Bodenschutz ist auch elementar für den Klimaschutz. Die 2,5 Milliarden Tonnen organisch gebundener Kohlenstoff, die landwirtschaftliche Böden allein in Deutschland speichern, sind außer für die Bodenfruchtbarkeit auch von großer Bedeutung für das Klima. Diese CO2-Senke lässt sich durch standortangepasste und nachhaltige Bewirtschaftung übrigens noch steigern. Demgegenüber ist die Überbauung von Böden jedoch eine einmalige und finale Nutzung, da die Neubildung von fruchtbarem Boden i. d. R. mehrere tausend Jahre dauert.

Dennoch werden in Hessen weiterhin jeden Tag 2,5 ha Bodenfläche versiegelt - der Flächenverbrauch und die ausufernde Flächenversiegelung schreiten ungebremst voran. Bei der Planung von Logistikzentren und überdimensionierten Gewerbegebieten überbieten sich die Kommunen gegenseitig mit der z. T. vagen Hoffnung, Arbeitsplätze zu schaffen und Gewerbesteuereinnahmen zu generieren. Dabei werden diese Hoffnungen häufig enttäuscht.

Die Folgen für diesen Burn-out der Flächen sind enorm.

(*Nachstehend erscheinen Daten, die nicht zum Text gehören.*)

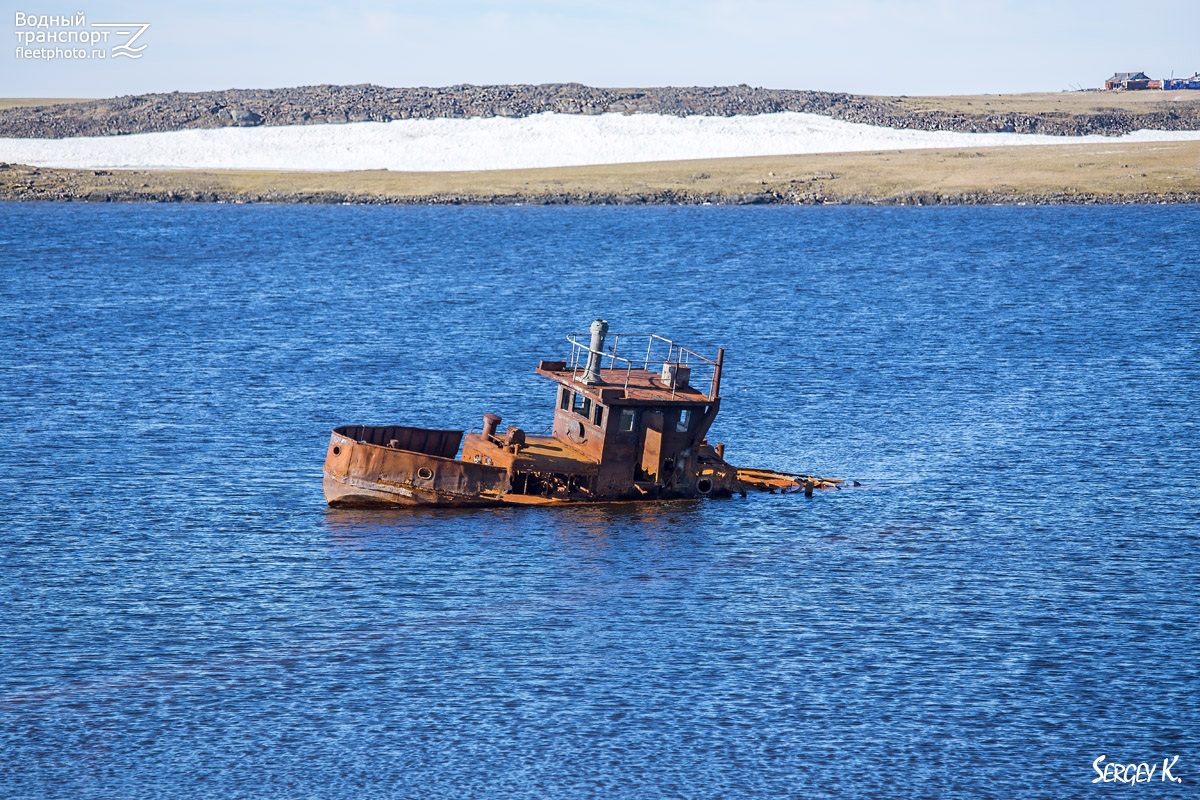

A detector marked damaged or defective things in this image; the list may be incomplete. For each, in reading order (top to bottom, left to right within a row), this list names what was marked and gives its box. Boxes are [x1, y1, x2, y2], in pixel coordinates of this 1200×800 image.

corroded metal hull [322, 428, 508, 510]
rusty abandoned tugboat [324, 320, 840, 504]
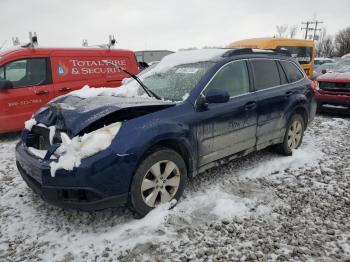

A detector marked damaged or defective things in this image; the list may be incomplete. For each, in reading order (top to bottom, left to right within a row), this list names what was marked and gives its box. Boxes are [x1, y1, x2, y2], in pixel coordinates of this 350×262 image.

crumpled hood [34, 94, 174, 136]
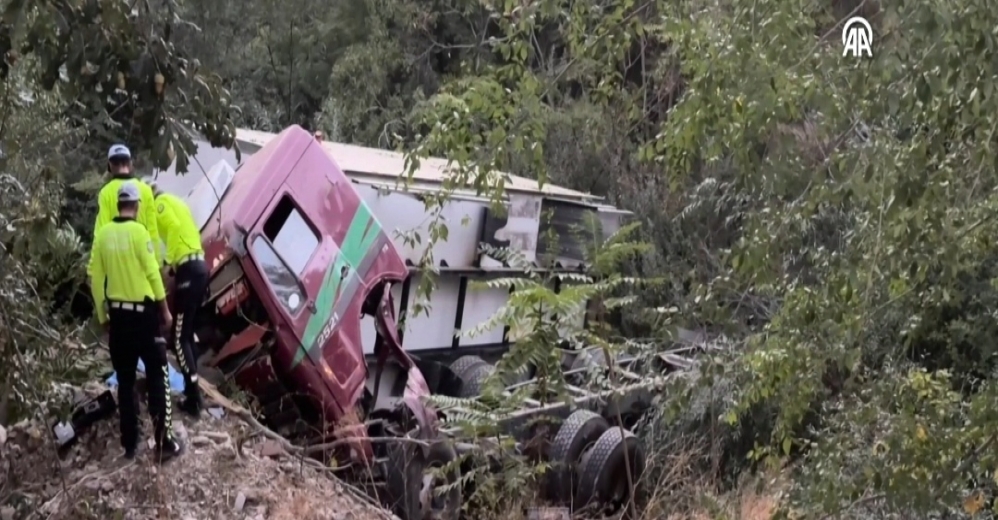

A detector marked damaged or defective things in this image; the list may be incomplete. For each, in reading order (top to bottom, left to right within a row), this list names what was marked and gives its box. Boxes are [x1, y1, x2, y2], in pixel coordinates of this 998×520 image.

crushed vehicle roof [236, 128, 600, 203]
damaged trailer [146, 126, 696, 520]
exposed truck tire [452, 356, 490, 380]
exposed truck tire [458, 362, 494, 398]
exposed truck tire [386, 438, 464, 520]
exposed truck tire [548, 408, 608, 502]
exposed truck tire [576, 428, 644, 510]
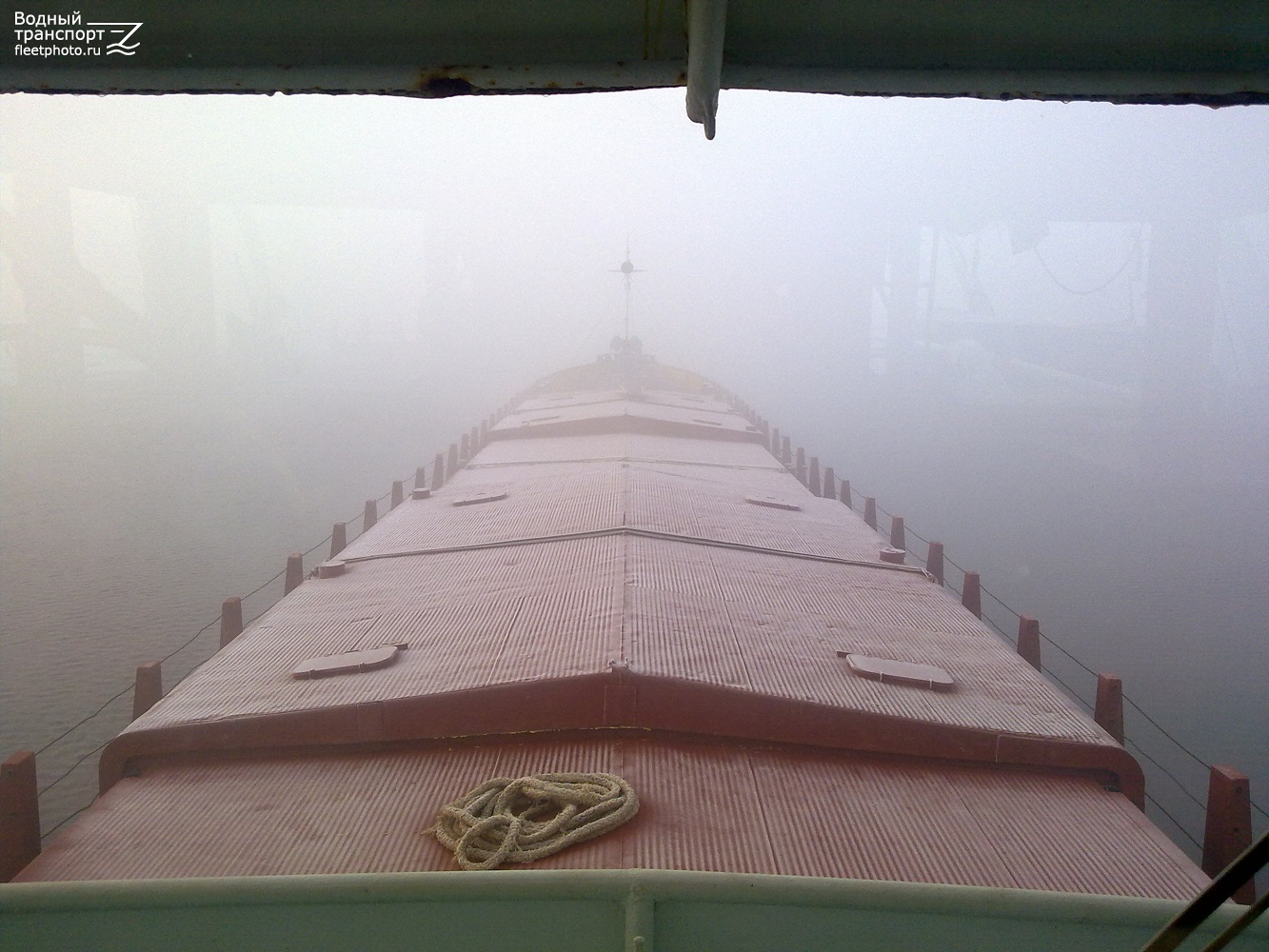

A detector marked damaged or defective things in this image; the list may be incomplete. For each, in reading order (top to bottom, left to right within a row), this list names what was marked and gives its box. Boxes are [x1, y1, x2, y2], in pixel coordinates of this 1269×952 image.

rusty metal ceiling [5, 0, 1264, 138]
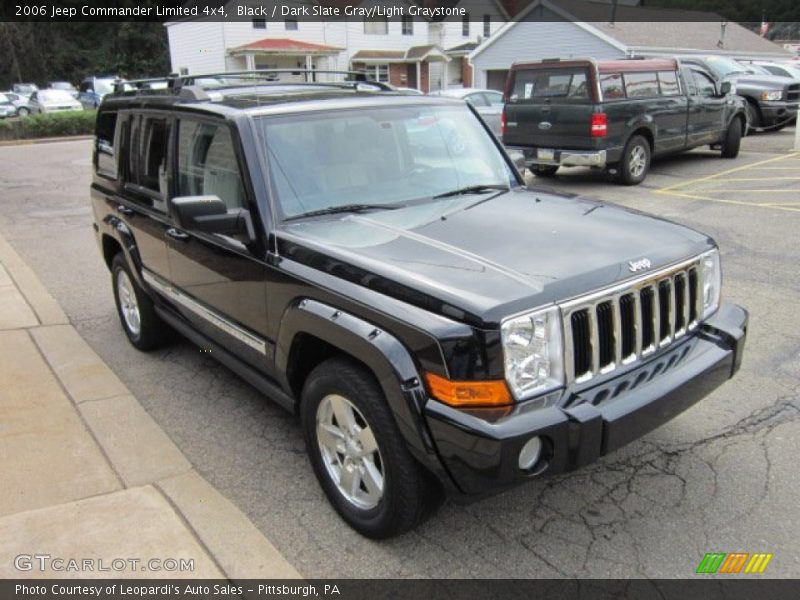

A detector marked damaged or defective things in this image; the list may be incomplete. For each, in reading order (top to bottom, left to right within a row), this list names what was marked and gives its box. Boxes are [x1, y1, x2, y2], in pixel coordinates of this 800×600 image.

cracked pavement [0, 130, 796, 576]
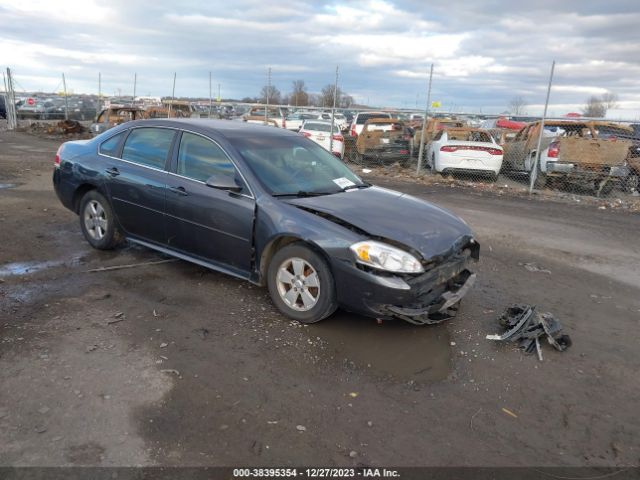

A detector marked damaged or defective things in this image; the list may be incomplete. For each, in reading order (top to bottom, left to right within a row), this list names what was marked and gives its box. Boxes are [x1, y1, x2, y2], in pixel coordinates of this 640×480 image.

damaged gray sedan [52, 118, 478, 324]
damaged hood [284, 186, 476, 260]
broken headlight [350, 240, 424, 274]
crumpled front bumper [332, 240, 478, 326]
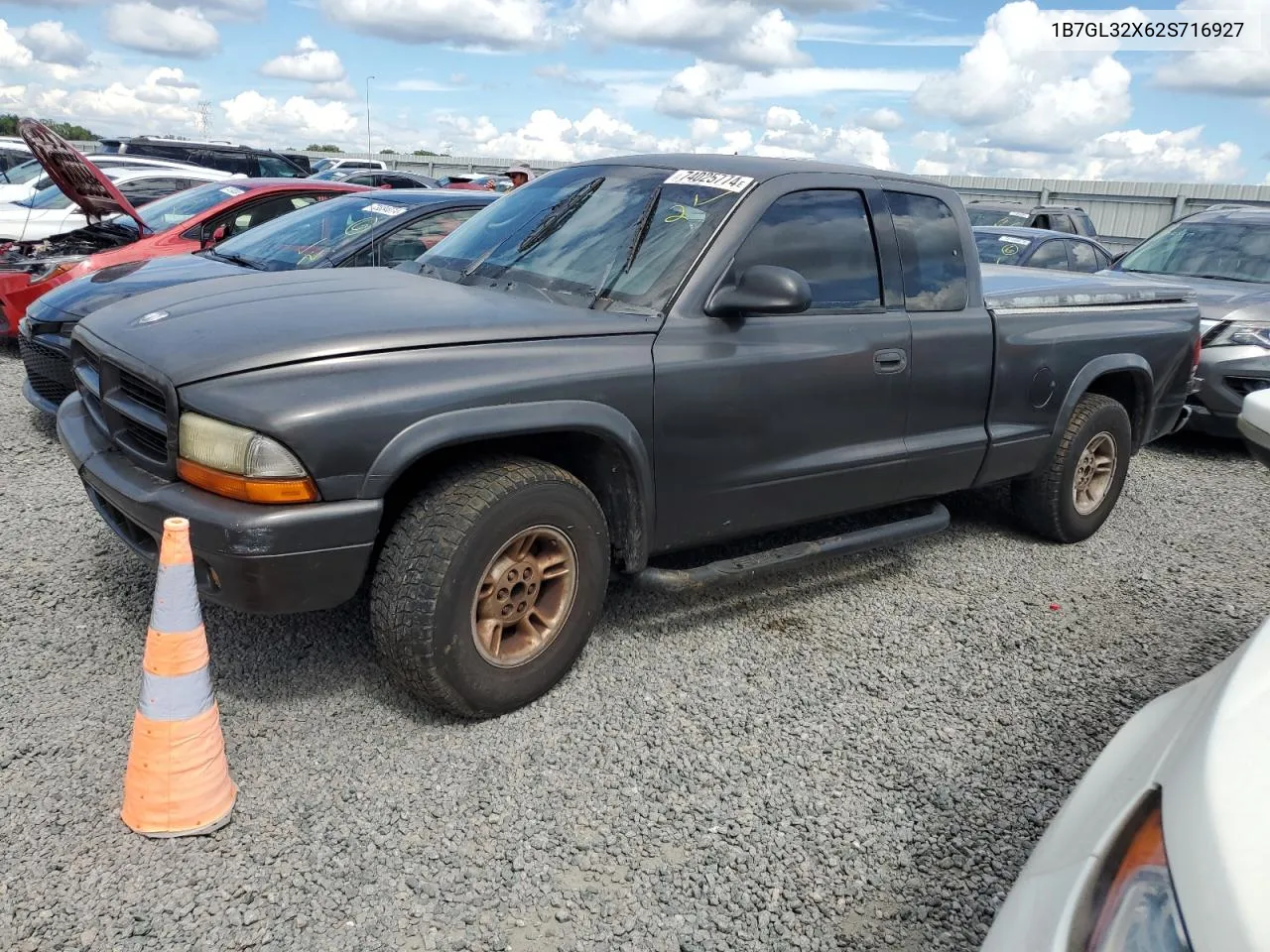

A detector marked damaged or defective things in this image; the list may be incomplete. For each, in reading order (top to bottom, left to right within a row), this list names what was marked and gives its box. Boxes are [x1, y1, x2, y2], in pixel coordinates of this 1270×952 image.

  • Durch die Versiegelung der Flächen verliert der Boden seine Fähigkeit, Wasser aufzunehmen und Kohlenstoff zu speichern.
  • Gleichzeitig hat dieses einen negativen Einfluss auf das Mikroklima, weil an Sommertagen die Hitze nicht absorbiert werden kann und so die Umgebungstemperatur deutlich erhöht wird.
  • Wertvolle landwirtschaftliche Flächen und Wälder werden vernichtet – mit massiven Auswirkungen auf die Frischluftschneisen, insbesondere für die dicht besiedelte Stadtbebauung.
  • Auch das Artensterben schreitet voran, da wichtige Lebensräume verloren gehen.

Auch in der Stadt Gießen werden Wohnquartiere und die Ausweisung weiterer Gewerbeflächen vorangetrieben. Die Ausweisung von Grünflächen im Vergleich zur Wohn- bzw. Gewerbefläche spielt demgegenüber eine ungeordnete Rolle.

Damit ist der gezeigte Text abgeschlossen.